J’ai vu il y a quelque temps un documentaire sur un entretien entre une femme, originaire du Soudan, et une personne chargée par l’office de réfugiés d’instruire son dossier de demande d’asile en France. Pour que cette demande eût quelques chances d’être acceptée, il fallait que cette femme raconte son histoire, le plus concrètement et le plus précisément possible. Elle résistait pourtant aux questions de son interrogatrice, craignant peut-être qu’en dire trop la soumette à une administration dont elle ne pouvait comprendre tous les attendus, les intentions, les mécanismes...
Et elle ne voulait pas raviver le souvenir douloureux des épreuves subies dans son pays et lors du voyage jusqu’ici.

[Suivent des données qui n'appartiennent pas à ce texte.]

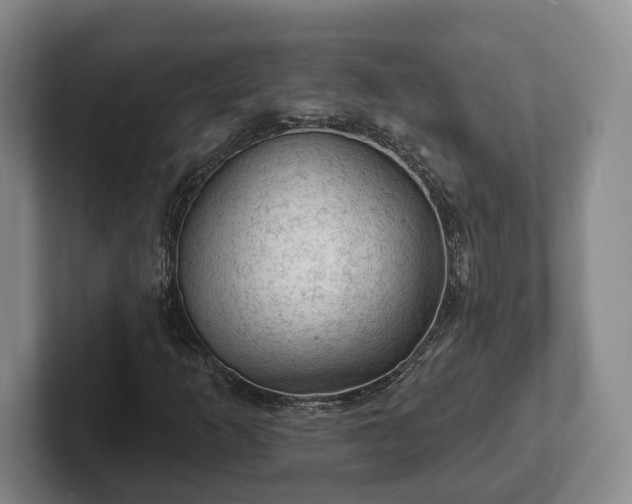 X0000102461253200808151400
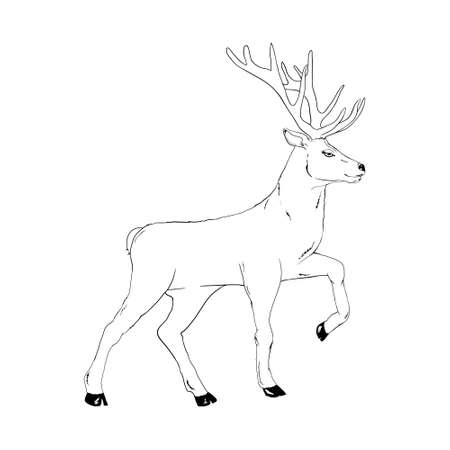 Beautiful noble deer are ruminant mammal in family. Side view. Vector monochrome freehand ink drawn background sketchy in art scribble style pen on paper with space for textのイラスト素材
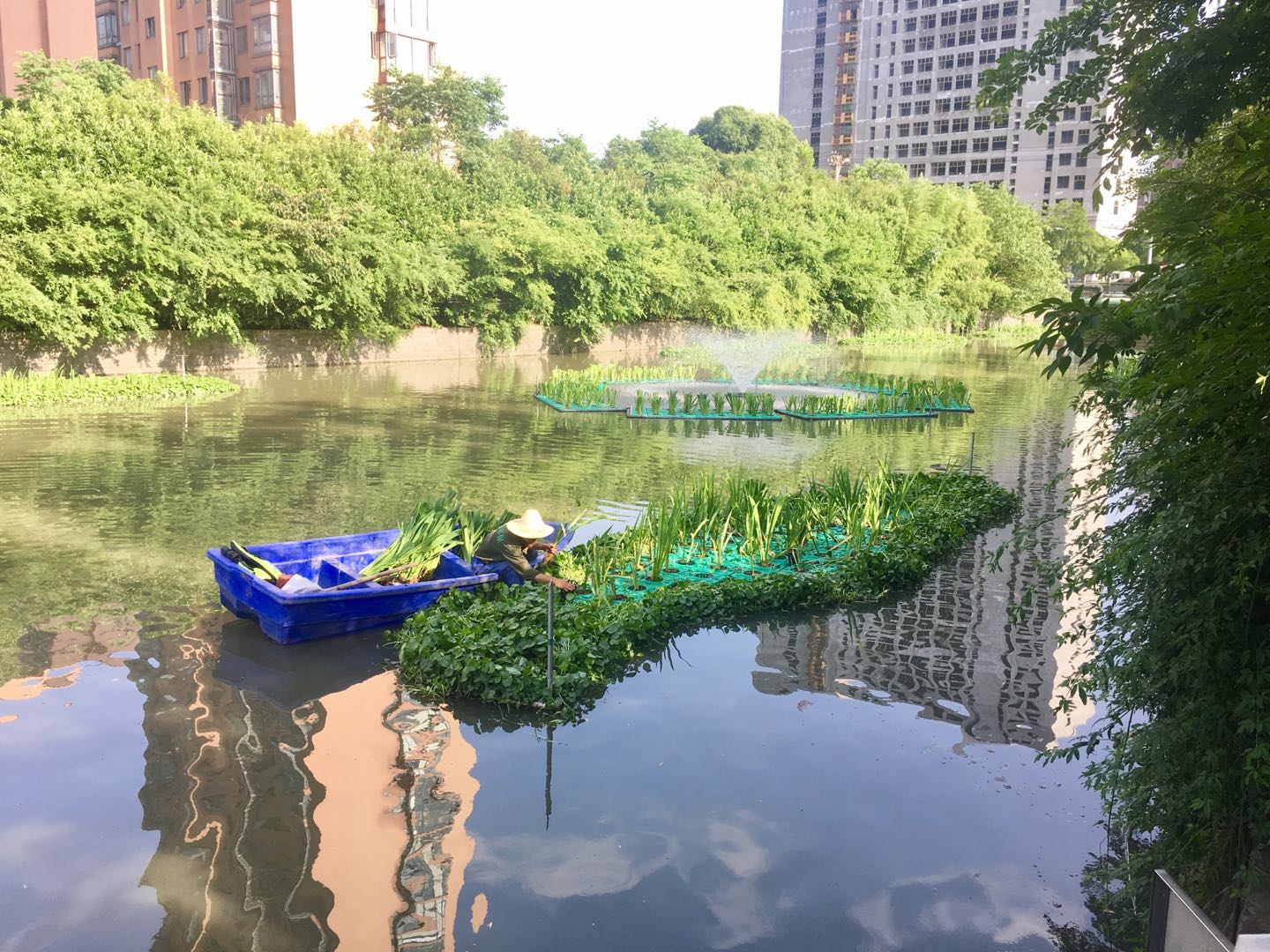 宁波鄞州区城区内河水质日常养护项目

Pourtant, il fallait que son dossier présente une histoire vraie, crédible, circonstanciée, condition de la reconnaissance de son droit d’asile et de sa survie dans le pays d’accueil. Qu’est-ce qu’une histoire qu’on ne peut raconter que lorsqu’on ne peut plus faire autrement et que la raconter représente pour soi une question de vie ou de mort ?
 
Dans « Europe ne se souvient plus », l’histoire, très actuelle, médiatisée mille fois, de deux étrangers clandestins qui ont survécu à l’exil et se retrouvent en quête d’un pays d’accueil, se « f(r)ictionne » avec une histoire, très ancienne et dont peu se souviennent : le mythe d’Europe et de Cadmos, la soeur enlevée par un taureau dans la mer, et le frère parti à sa recherche pour la ramener au pays de leur père...
Le texte mêle étroitement les fils de la réalité documentaire et ceux de la fiction. Il raconte autant les rêves et l’imaginaire des personnages que leur
histoire concrète et actuelle.

Si  Europe et Cadmos aujourd’hui étaient deux sans-papiers en quête de régularisation, quelle  histoire  « vraie »  ou  quelle  fiction  pourrait  servir à  protéger leur exil ? De quelle histoire de nulle part, de quelle utopie devraient-ils absolument se souvenir s’ils voulaient pouvoir recommencer leur vie, ici, en Europe ?

Cette fiction, très ancienne et très actuelle, voici que le « taureau » du théâtre s’en empare et l’emmène sur les berges de notre monde.